Лазик только почесался. Он-то знал эти певучие языки! Они хотят устроить биржу по-библейски? Хорошо. У кого не бывает фантазий. Главное, где бы здесь перекусить?..
Печально бродил он мимо новых домов, садов, магазинов. На вывесках булочных настоящие еврейские буквы. Факт! Но булки остаются булками, и чтобы их купить, нужно выложить самые обыкновенные деньги…
Лазик присел на скамейку в сквере. От голода его начинало мутить.
— Земля как земля. Я, например, не чувствую, что она моя, потому что она, наверное, не моя, а или Ротшильда, или сразу Чемберлена, и я даже не чувствую, что она святая. Она царапается, как повсюду. Но кого я вижу?.. Абрамчик, как же вы сюда попали? Сколько лет, как вы из дорогого Гомеля? Уже три года? Пустячки! Ну как, вас тоже тошнило на этой мокрой качалке?..
Абрамчик печально вздохнул:
— Я уже не помню, потому что с того времени я столько качался, что пароход мне кажется просто колыбелькой. Я пробовал копать землю, но со мной сделался маленький солнечный удар, так что я провалялся полгода в больнице. А потом меня избили ночью арабы, и я снова вернулся в больницу. А потом я продавал газеты на жаргоне, и меня избили не арабы — евреи. Но тогда меня даже не пустили в больницу. Хорошо. Я решил стать нищим в Иерусалиме. Это довольно выгодное дело. Вы же помните, что в Гомеле набожные еврейки кидали у себя в жестяную кружку то пять копеек, то десять, а потом приезжал один из Палестины и забирал все. Так, оказывается, эти кружки висят повсюду, и что же, получаются крупные нули, так что стоит кричать у Стены Плача, раз за это получаешь месячный оклад. Я так кричал, как будто меня резали. Но все сорвалось из-за одного окурка. Я себе забыл, что я не в Гомеле, а в Иерусалиме, я закурил хорошенький окурок, который я подобрал после англичанина. Что же вы думаете? Оказалось, это — суббота — гомельское счастье! — и меня так избили, что я едва уполз. Я кричал им: «Если суббота, то нельзя работать, а вы же работаете, когда вы меня бьете!» Но они даже не хотели слушать. Теперь я снова попал в этот замечательный Тель-Авив, и я, наверное, здесь умру. Старые цадики, когда они приезжали в Палестину умирать, вовсе не были такими идиотами. Это здесь самое подходящее занятие. Зачем я только поверил в их красивые разговоры и примчался сюда? Я был просто дураком, и когда вы мне говорили на курсах политграмоты: «Абрамчик, вы что-то не додумываете», — вы были совсем правы. Но вы, Ройтшванец, вы же почти марксист, как вы попали сюда?
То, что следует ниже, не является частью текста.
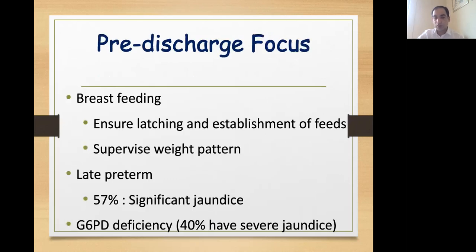Before discharge we should also focus on proper latching and positioning, and supervise the weight gain pattern. A weight loss of 1 to 3% per day is normal, and usually the majority of term and preterm babies regain birth weight by 7 to 10 days. Late preterms are prone to develop jaundice because of various risk factors including polycythemia and should be followed up early. In areas where G6PD prevalence is high, we should stress on newborn screening to identify these babies early.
— Это я вам расскажу в другой раз, после закуски, а не до. Вы ведь ничего не знаете. Когда вы уехали в Одессу, я еще шил галифе; тогда по улицам Гомеля гуляли, кроме настоящих людей, только грязные бумажки, а не эта гражданка Пуке. Я попал под исторический вихрь. Сюда, например, я приехал из какого- то нарочного Ливерпуля. Мне казалось, что здесь меня перестанут колотить. Но после вашей кровавой исповеди я начинаю уже дрожать. Я ведь стал таким подержанным телом, что из меня может сразу выйти весь дух. Все равно: будь, что будет! Прежде всего я хочу закусить. Может быть, мне отправиться в Иерусалим и там покричать у этой стенки?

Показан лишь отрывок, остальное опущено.